• Task item
What are the lines from the top of the entries below through the line containing "机构投资者包括哪些 v2-5"? Return them exactly, both ends included, without the pictures.

• Given records

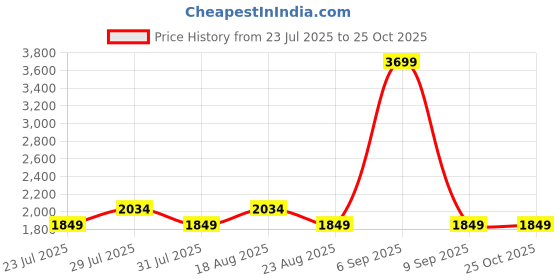myntra.com SPYKAR Men Relaxed Fit Mid-Rise Light Fade Jeans spykar Price History Graph from 23 Jul 2025 to 25 Oct 2025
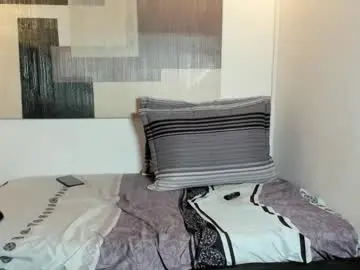 Chaturbate Live Sex Cam of celesteythiago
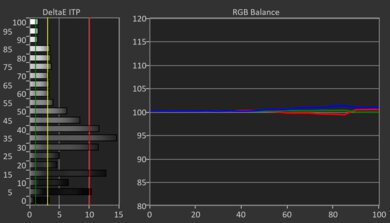 Hisense U75QG HDR Post White Balance Picture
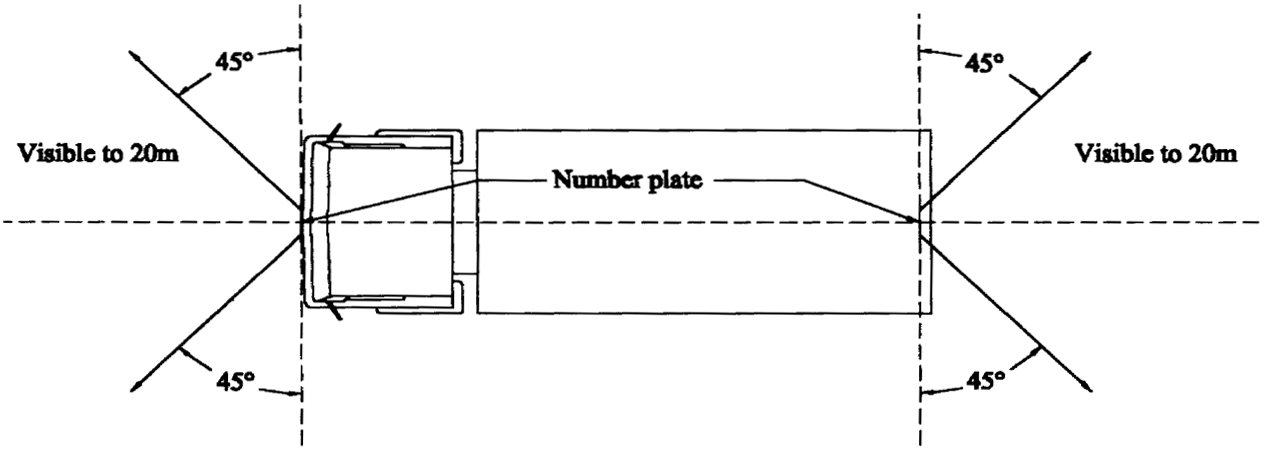Top view of truck showing a number plate must with be visible from 20m away at any point within an arc of 45 degrees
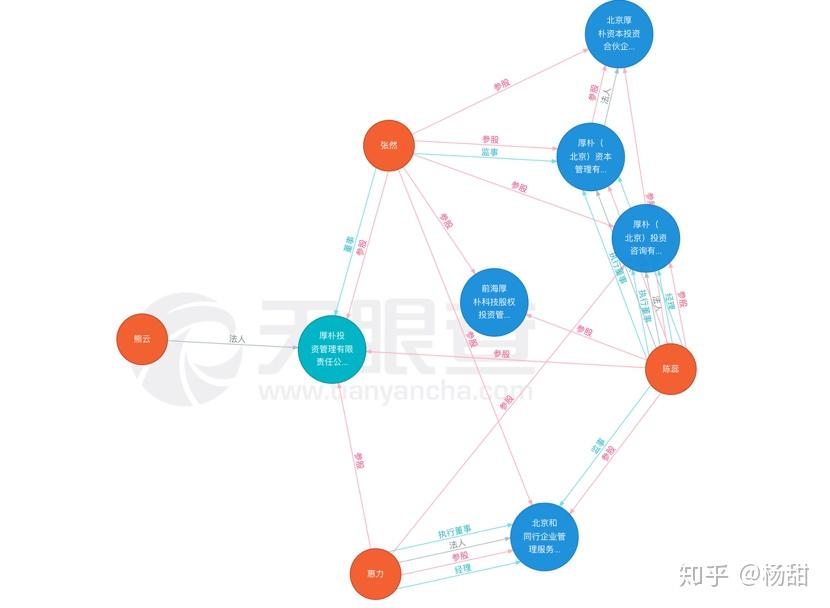 机构投资者包括哪些 v2-52391af55649b08e51b71259ca107be8_r.jpg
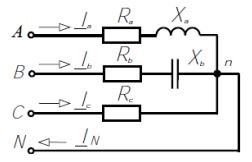<b>Вариант 2</b><br />В четырехпроводной трехфазной цепи Rа = 6 Ом, Xа = 7 Ом, Rb = 13 Ом, Xb = 15 Ом, Rc = 5 Ом. Линейное напряжение UЛ = 380 В. Определить токи и мощность цепи.
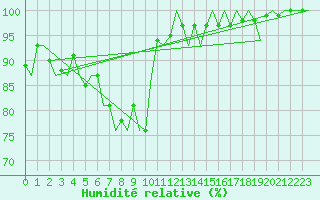 Courbe de l'humidit relative pour Luxembourg (Lux)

• Result below
myntra.com SPYKAR Men Relaxed Fit Mid-Rise Light Fade Jeans spykar Price History Graph from 23 Jul 2025 to 25 Oct 2025
 Chaturbate Live Sex Cam of celesteythiago
 Hisense U75QG HDR Post White Balance Picture
Top view of truck showing a number plate must with be visible from 20m away at any point within an arc of 45 degrees
 机构投资者包括哪些 v2-52391af55649b08e51b71259ca107be8_r.jpg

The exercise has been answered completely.